What the task asks:
Reproduce the records that follow without alteration, apart from removing the pictures.

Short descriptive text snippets
┌──

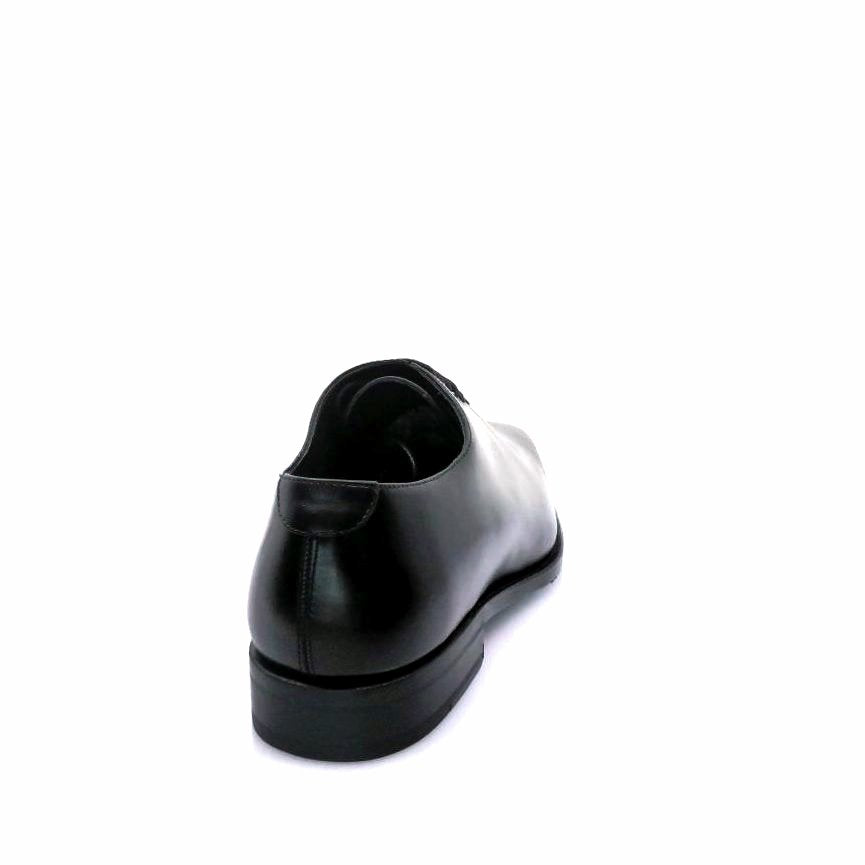 Black whole cut leather shoe leather outsole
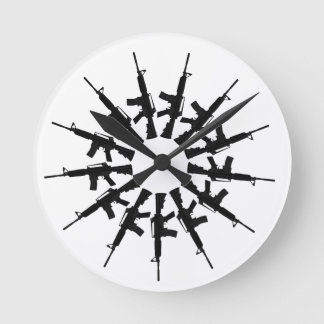 För vapenKaleidoscope för vapen AR-15 design Rund Klocka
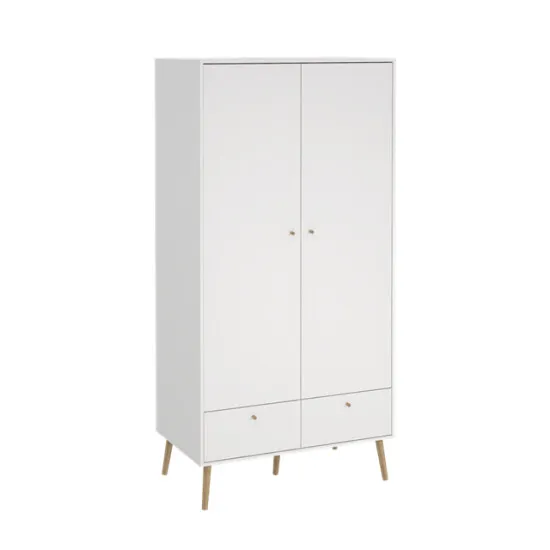 Szafa 2-drzwiowa z 2 szufladami BODO 99 cm biała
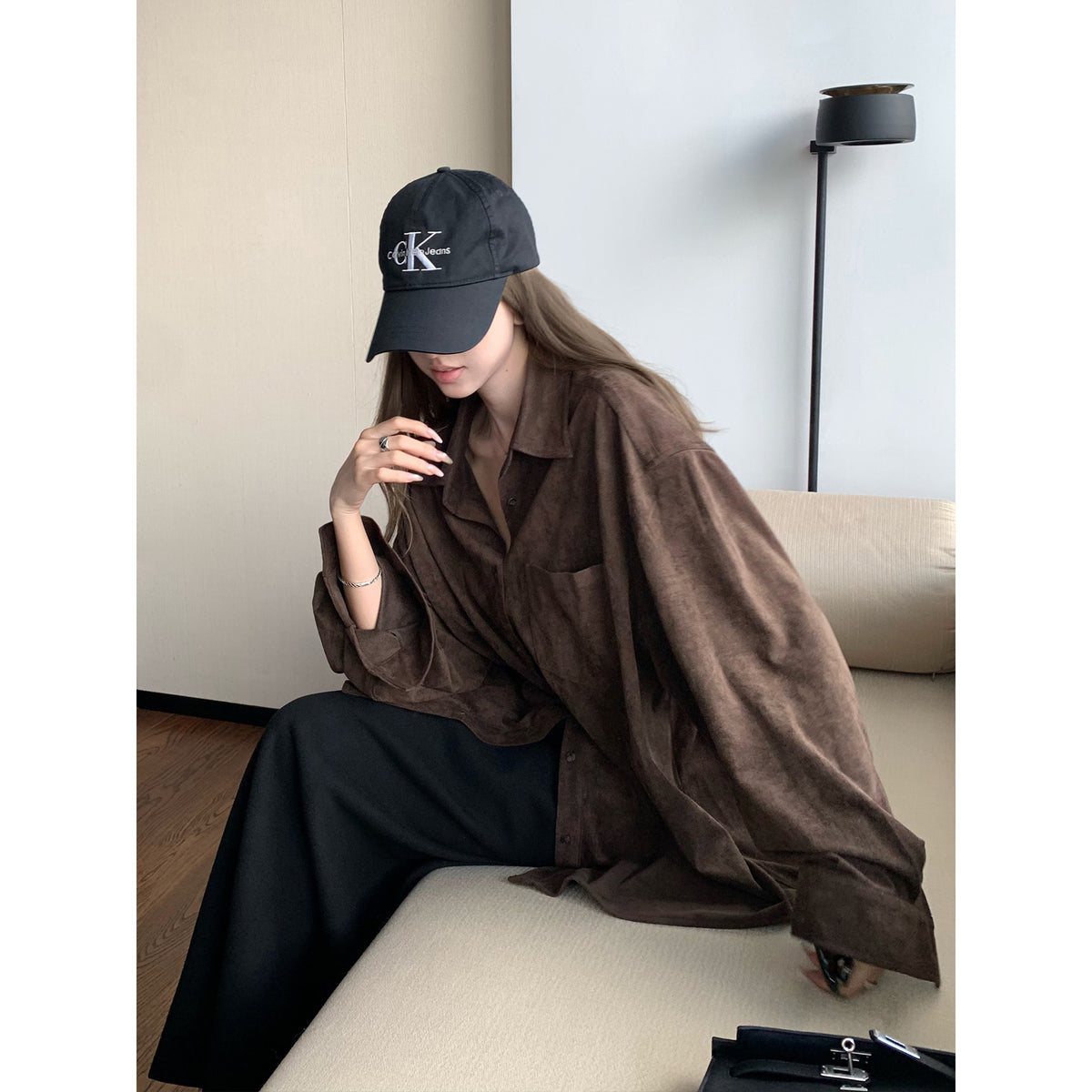 Women's Suede-Feel Relaxed Shirt alternate view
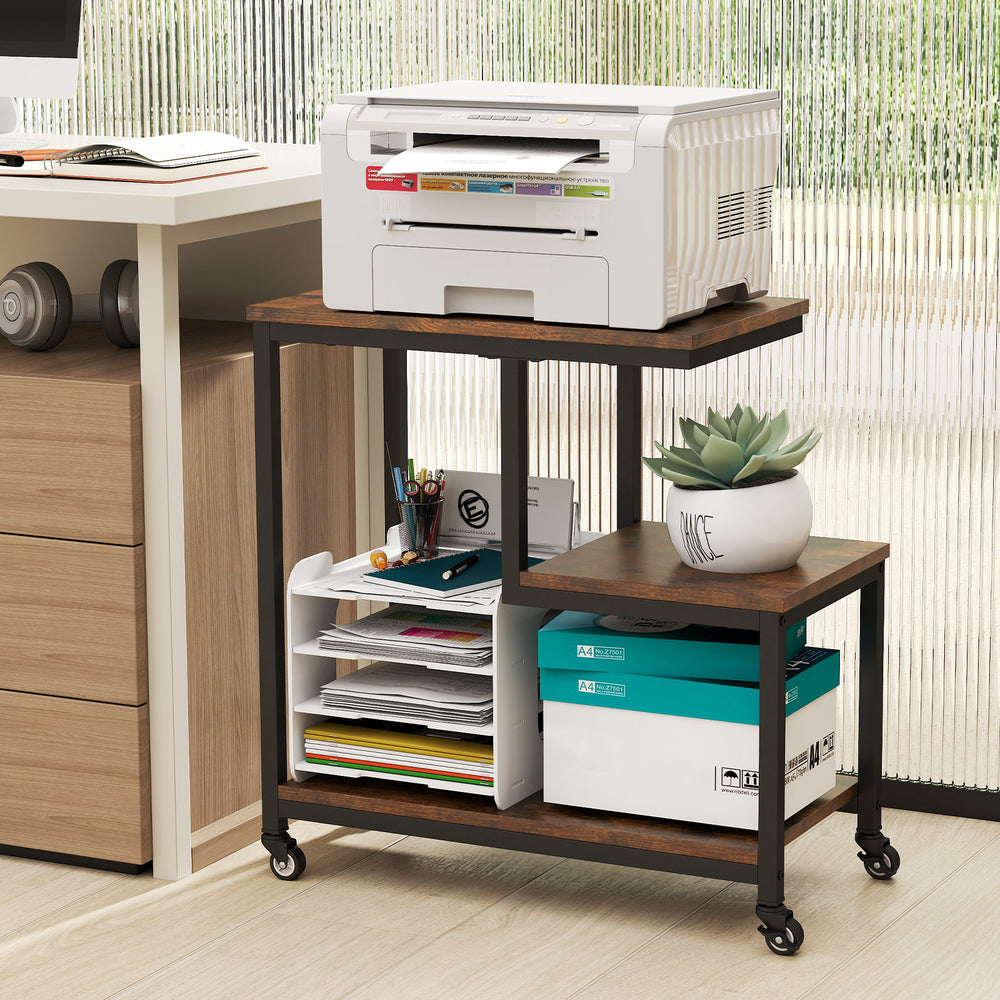 G-shaped 3-tier mobile end table in rustic brown with open shelves, perfect for a printer or plant stand.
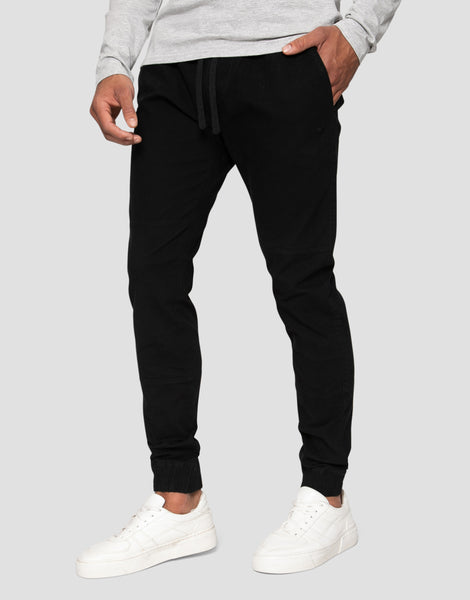 Men's Black Plain Cuffed Chino Trousers – Threadbare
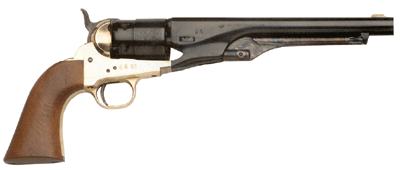 TRADITIONS 1860 ARMY BLACK POWDER REVOLVER HBP 44 CAL BRASS 8 IN BLUED BBL WOOD GRIP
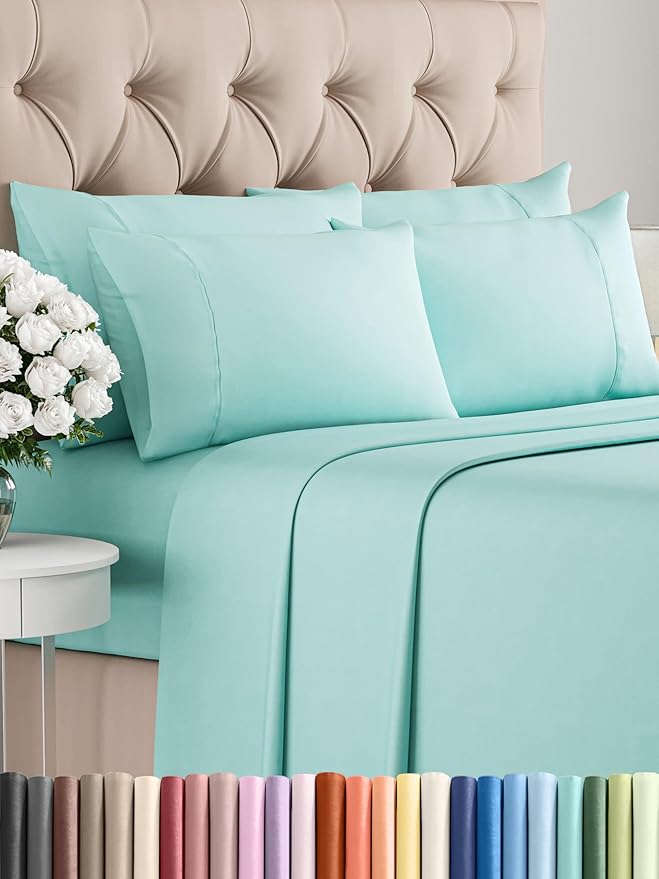 Queen 6 Piece Sheet Set - Comfy Breathable & Cooling - Ultra-Soft Hotel Luxury Bedding Set with 8-16 Inch Deep Pockets - 1 Flat & 1 Fitted Sheet & 4 Pillowcases - Wrinkle Free & Easy Care - Spa Blue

└──

Answer:
 Black whole cut leather shoe leather outsole
 För vapenKaleidoscope för vapen AR-15 design Rund Klocka
 Szafa 2-drzwiowa z 2 szufladami BODO 99 cm biała
 Women's Suede-Feel Relaxed Shirt alternate view
 G-shaped 3-tier mobile end table in rustic brown with open shelves, perfect for a printer or plant stand.
 Men's Black Plain Cuffed Chino Trousers – Threadbare
 TRADITIONS 1860 ARMY BLACK POWDER REVOLVER HBP 44 CAL BRASS 8 IN BLUED BBL WOOD GRIP
 Queen 6 Piece Sheet Set - Comfy Breathable & Cooling - Ultra-Soft Hotel Luxury Bedding Set with 8-16 Inch Deep Pockets - 1 Flat & 1 Fitted Sheet & 4 Pillowcases - Wrinkle Free & Easy Care - Spa Blue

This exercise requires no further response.